Oh, maybe not if you’re introverted. (Or, you know, heavily sedated.)
But we have a rather frightening propensity to be quiet. Trust me, the funniest part about this is that when I do talk, I’m really loud. Annoyingly so. But the three of us do our own thing, and we don’t talk much. So it’s rather like living in a library, I guess, and feeling like you always have to whisper. And that’s uncomfortable for extroverts! (It’d be uncomfortable for me, too, honestly – while we tend toward quiet, we also can get awful loud at times.)
The nice thing, I told our friends, is that while we might be quiet ourselves, if we’re busy doing something, we’re all the type not to NOTICE if they’re happily being louder than we are!
Then there’s our propensity toward hyperfocus. Ask us a question when we’re busy, and it might seem like we’re ignoring you. We’re not – at least not consciously. I’ve been known to tell my mom “Yes” to things like “Do you want an egg?” and then be surprised when an egg appears in front of me, all because I was writing when she asked and I had no idea what I was even responding to. Sarah has been known to look around at midnight and say, “Where’s Mommom?” when she said goodnight to her at 9 p.m., while she was gaming.
This translates in another way, too. I told my friend Dana, “If I’m writing and you bleed to death on the floor behind me, I may not notice, or I may be a little annoyed if you can’t do it quietly.” You can imagine I’m a party to live with, can’t you?! (And, yes, I WOULD help her if she was bleeding to death on the floor behind me. Honest. I promise, Dana.) It’s not that I don’t care or am unobservant.

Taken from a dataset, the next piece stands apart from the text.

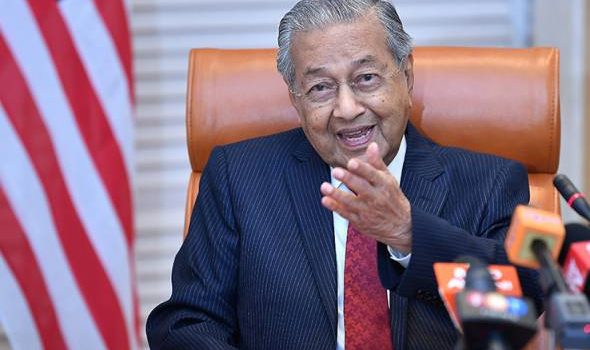 Tun M umum bonus Aidilfitri menanti penjawat awam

In fact, with some people, I’m hyperobservant – they sigh, and I’m all “Ahh, what’s wrong, is it XYZ?” That comes over a LONG time, though, and it’s almost like I build up a mental database that helps me tell when someone is feeling a particular way. If I haven’t built that up, either I might not notice if something’s wrong, or, just as often, I might think something is wrong, but figure, “Well, if they wanted to talk about it, they’d say something,” mostly because I would be uncomfortable if someone who didn’t know me particularly well asked me, “So what’s wrong?”
Oh, and hugging. I don’t hate hugs. But I admit, I am a hug control-freak. No surprises, please. I need to know it’s coming. Hugs from Sarah and Chris? Yes, because they’re almost an ask-permission event, one that we’re all comfortable with. Giving hugs? Not a problem – it’s on my terms. Surprise hug from behind?
In my head? THIS:
So, yeah… I can imagine we’re a real party to share a house with!
The good news is, we’re also awfully hard to offend. Come in tired and cranky, and don’t say hi to us? If we notice at all, we certainly don’t mind! And if we say, “It’s no problem,” it really isn’t. (Why do people do that? I can’t grasp why someone would say it’s not a problem when it is!)
Some final thoughts on introversion
So we can be kind of strange, if you’re not familiar with our species. In good news, though, I happen to think we make GREAT friends. We’re no-pressure… you can come over, sit on our couch and play on your phone for two hours, and we’ll welcome you (and sit in the same room with you on our laptops, and call it a great evening at the end and mean it.)
If we know you’re not of the mind to do that, we’ll psych ourselves up for something awesome – bowling, a board-game night, a luau – and have a good time with you on “extrovert terms!” We might not be the first to arrive and the last to leave, we might kind of stand on the sidelines a bit, and we might not introduce ourselves to a ton of people. But just because our fun looks different doesn’t mean we’re not having fun!
We kind of like it – it’s fun to get out of our heads for a little. Just love us enough to let us back in to recharge!
We don’t look at extroversion OR introversion as “right” or “wrong.” The good part about people is that they’re all different… and it’s cool to think that we’re living proof that even when it’s not easy, you can house two VERY different families under one roof and still be friends!
So are you an introvert or an extrovert? What about your family members? Any questions, challenges or tips to share from your perspective?